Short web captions
.....
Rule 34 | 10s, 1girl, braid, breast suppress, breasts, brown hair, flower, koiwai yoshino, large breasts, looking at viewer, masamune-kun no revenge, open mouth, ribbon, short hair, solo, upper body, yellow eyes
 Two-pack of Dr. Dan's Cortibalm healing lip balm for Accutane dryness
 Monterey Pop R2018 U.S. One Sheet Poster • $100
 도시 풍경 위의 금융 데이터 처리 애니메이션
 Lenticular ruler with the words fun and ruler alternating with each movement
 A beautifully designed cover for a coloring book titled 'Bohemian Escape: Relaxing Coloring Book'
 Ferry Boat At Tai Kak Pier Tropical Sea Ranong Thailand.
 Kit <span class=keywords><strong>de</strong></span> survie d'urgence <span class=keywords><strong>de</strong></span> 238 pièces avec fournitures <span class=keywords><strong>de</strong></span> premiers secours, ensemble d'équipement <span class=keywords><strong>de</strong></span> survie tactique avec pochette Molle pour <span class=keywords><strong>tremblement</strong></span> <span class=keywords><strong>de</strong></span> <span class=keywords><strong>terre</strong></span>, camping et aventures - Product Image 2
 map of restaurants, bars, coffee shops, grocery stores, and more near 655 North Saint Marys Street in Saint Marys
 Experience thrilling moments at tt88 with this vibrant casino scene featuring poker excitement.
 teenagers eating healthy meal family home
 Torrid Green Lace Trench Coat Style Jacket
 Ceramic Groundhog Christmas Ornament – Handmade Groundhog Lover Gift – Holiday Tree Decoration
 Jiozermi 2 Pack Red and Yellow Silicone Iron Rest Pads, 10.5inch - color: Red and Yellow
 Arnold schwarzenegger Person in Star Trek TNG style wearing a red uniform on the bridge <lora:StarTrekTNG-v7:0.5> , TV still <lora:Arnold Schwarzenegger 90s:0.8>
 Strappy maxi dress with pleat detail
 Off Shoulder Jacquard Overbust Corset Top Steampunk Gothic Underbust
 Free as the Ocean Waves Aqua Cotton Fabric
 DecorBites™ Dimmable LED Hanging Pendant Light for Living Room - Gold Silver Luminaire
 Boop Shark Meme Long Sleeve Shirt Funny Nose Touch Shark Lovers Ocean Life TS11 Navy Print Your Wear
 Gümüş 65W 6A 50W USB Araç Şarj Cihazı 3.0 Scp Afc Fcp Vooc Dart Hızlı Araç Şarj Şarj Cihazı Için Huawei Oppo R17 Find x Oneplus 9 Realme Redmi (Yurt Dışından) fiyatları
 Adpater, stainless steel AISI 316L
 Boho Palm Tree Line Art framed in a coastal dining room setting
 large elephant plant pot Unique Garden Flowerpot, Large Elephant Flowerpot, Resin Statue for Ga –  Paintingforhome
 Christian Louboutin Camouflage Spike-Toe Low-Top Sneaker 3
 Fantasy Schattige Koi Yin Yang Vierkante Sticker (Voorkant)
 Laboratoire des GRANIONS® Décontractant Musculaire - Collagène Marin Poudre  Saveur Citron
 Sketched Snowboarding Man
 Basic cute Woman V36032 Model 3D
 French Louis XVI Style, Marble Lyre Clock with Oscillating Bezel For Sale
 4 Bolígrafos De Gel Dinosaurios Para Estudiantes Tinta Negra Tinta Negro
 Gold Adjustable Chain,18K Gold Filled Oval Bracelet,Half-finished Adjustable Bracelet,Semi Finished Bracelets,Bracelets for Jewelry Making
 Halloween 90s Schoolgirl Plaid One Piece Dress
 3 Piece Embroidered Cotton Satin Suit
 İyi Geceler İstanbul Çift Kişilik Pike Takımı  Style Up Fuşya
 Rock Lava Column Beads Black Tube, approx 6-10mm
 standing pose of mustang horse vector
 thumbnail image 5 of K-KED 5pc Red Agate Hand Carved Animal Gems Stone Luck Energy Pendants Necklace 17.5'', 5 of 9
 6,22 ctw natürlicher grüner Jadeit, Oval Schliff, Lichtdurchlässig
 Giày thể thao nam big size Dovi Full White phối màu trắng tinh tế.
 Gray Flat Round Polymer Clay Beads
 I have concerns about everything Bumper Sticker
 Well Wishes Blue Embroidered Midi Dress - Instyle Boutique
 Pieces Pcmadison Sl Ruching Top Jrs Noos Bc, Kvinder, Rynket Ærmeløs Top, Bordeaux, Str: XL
.....
* WHAT THE EXERCISE ASKS *
Please copy, exactly and with nothing else, the lines above beginning at the line that has "Adpater, stainless steel AISI 316L" and ending with the line that has "Fantasy Schattige Koi".

* WRITTEN REPLY *
 Adpater, stainless steel AISI 316L
 Boho Palm Tree Line Art framed in a coastal dining room setting
 large elephant plant pot Unique Garden Flowerpot, Large Elephant Flowerpot, Resin Statue for Ga –  Paintingforhome
 Christian Louboutin Camouflage Spike-Toe Low-Top Sneaker 3
 Fantasy Schattige Koi Yin Yang Vierkante Sticker (Voorkant)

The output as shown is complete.